We decided to split the problem in three parts and to execute the implementation of it in a phased manner. First, we brought all the relevant logs to a centralized place, since the whole infrastructure was very complex, spread on many machines that, in turn, host many services/applications. Second, we selected the relevant metrics data and collected it to a centralized place. And finally, we added respective alerts so sysadmins were free to walk away from monitors. The requirement was to use an open-source stack so we went with what we thought was the best selection of tools out there.
We installed Filebeat as the log collector on each machine that hosted applications of interest. Filebeat was configured to ship logs to Logstash that filters/augments them and pass downstream. At the end, the logs were indexed in ElasticSearch and presented via Kibana.
The metrics part was a bit more complex. We needed to change the application code and add Dropwizard metrics where the application specific metrics such as request latency/throughput were needed. We decided to go with InfluxDB and store the metrics there since it was a well suited database for time series. Telegraf was selected for metrics collection (e.g. via JMX) and shipment towards InfluxDB. The last part was visualization and for that we placed Grafana on top with both InfluxDB and ElasticSearch as data sources. In this way, we had the metrics on the dashboard and we could combine them with logs.
Alerting was the last step. Grafana from version 4 has support for alerts so we configured a couple of important ones and that made our monitoring stack even better.
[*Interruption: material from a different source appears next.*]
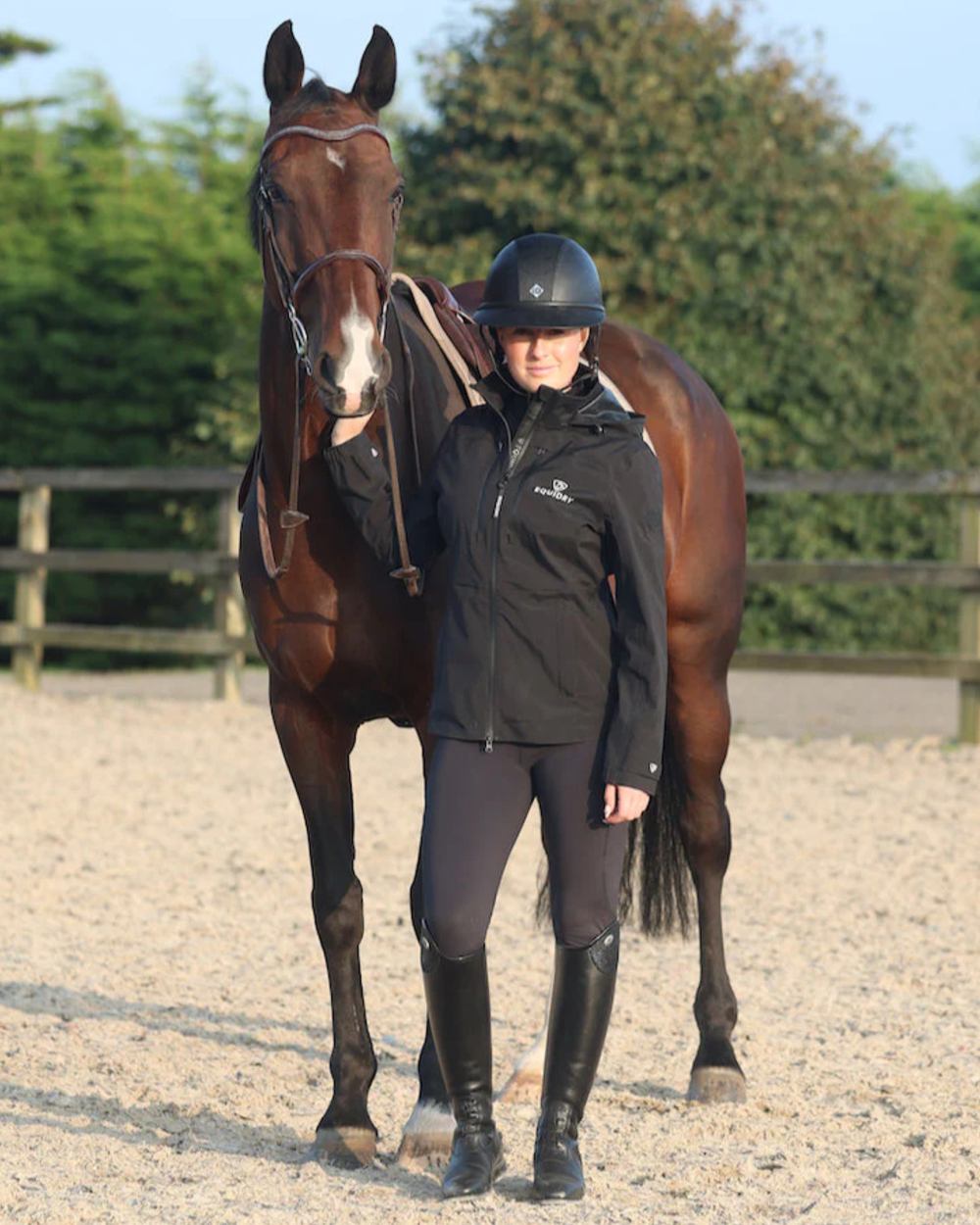 Black coloured Equidry Womens Varsha Jacket with Stowaway Hood on sand background 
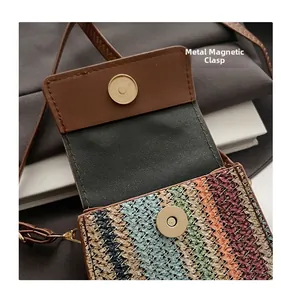 Detailed macro view of the gold magnetic snap closure on the colorful woven handbag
The result is a functional monitoring system that eases everyday system operations and reduces the time spent on problem identification. The key metrics and logs now can be visualized and stored for a configurable length of time. That allows for correlating current problems with events/situations that happened in the past. Also, alerts made the lives of everyone in the team a lot easier and the whole team is more productive since they can now concentrate on business features and react to alerts when necessary.